PETA Praises Restaurant Chain for Buying From Suppliers That Use Less Cruel Slaughter Method
For Immediate Release:
June 19, 2009
Contact:
Janice Neitzel 757-622-7382
Norfolk, Va. -- Casual-dining restaurant chain Ruby Tuesday, which has 901 locations in the U.S. and abroad, has announced that it is giving purchasing preference to suppliers that use or switch to a less cruel slaughter method called "controlled-atmosphere killing" (CAK). Ruby Tuesday says that 100 percent of the turkeys it purchases currently come from suppliers that use CAK. The company's new plan places it at the forefront of the restaurant industry when it comes to animal welfare.

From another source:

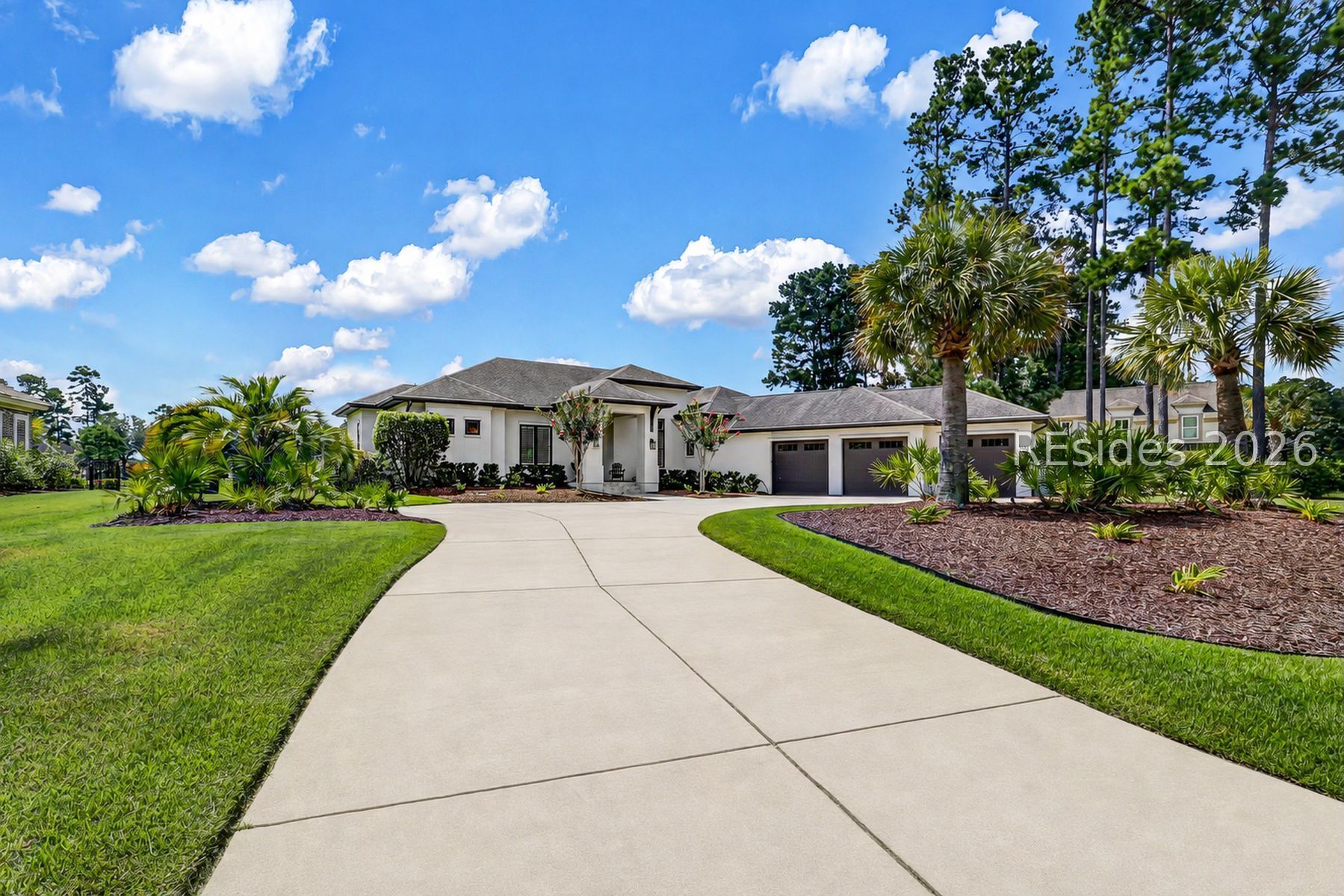 135 Wicklow Drive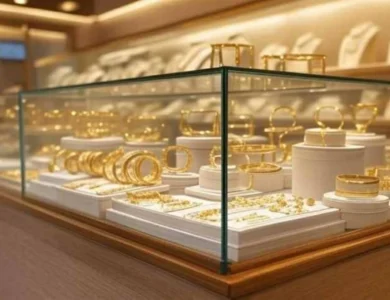 منذ ساعات - التحديثات الجديدة لسعر الذهب اليوم في مصر.. عيار 24 يستقر عند 7874 جنيهاً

In CAK, the oxygen that chickens and turkeys breathe is slowly replaced with inert, nonpoisonous gasses, putting the birds "to sleep" quickly and painlessly. CAK reduces labor costs, improves working conditions, and lessens the opportunity for slaughterhouse workers to abuse birds. CAK is far less cruel than electrical stunning, the conventional slaughter method. During conventional slaughter, chickens and turkeys are dumped onto conveyors and hung upside down by their legs in metal shackles (which often results in broken bones) before their heads are run through an electrified bath that gives them painful shocks but doesn't make them insensible to pain. Stunned birds are often still conscious when their throats are cut, and many are scalded to death in defeathering tanks.
Ruby Tuesday will also give purchasing preference to suppliers that are phasing out gestation crates (highly restrictive metal enclosures that confine pregnant pigs) and that produce cage-free eggs. Ruby Tuesday joins restaurant chains Burger King, Carl's Jr., Hardee's, and Wendy's as well as grocery chains Safeway, Winn-Dixie, and Harris Teeter, all of which adopted similar animal welfare policies after talking to PETA.
"We still recommend the restaurant's veggie burger to animal lovers, but Ruby Tuesday deserves praise for deciding to buy turkey meat from suppliers that use a less cruel slaughter method," says PETA Executive Vice President Tracy Reiman. "Turkeys are wonderful animals who feel pain and fear, so reducing their suffering is very important."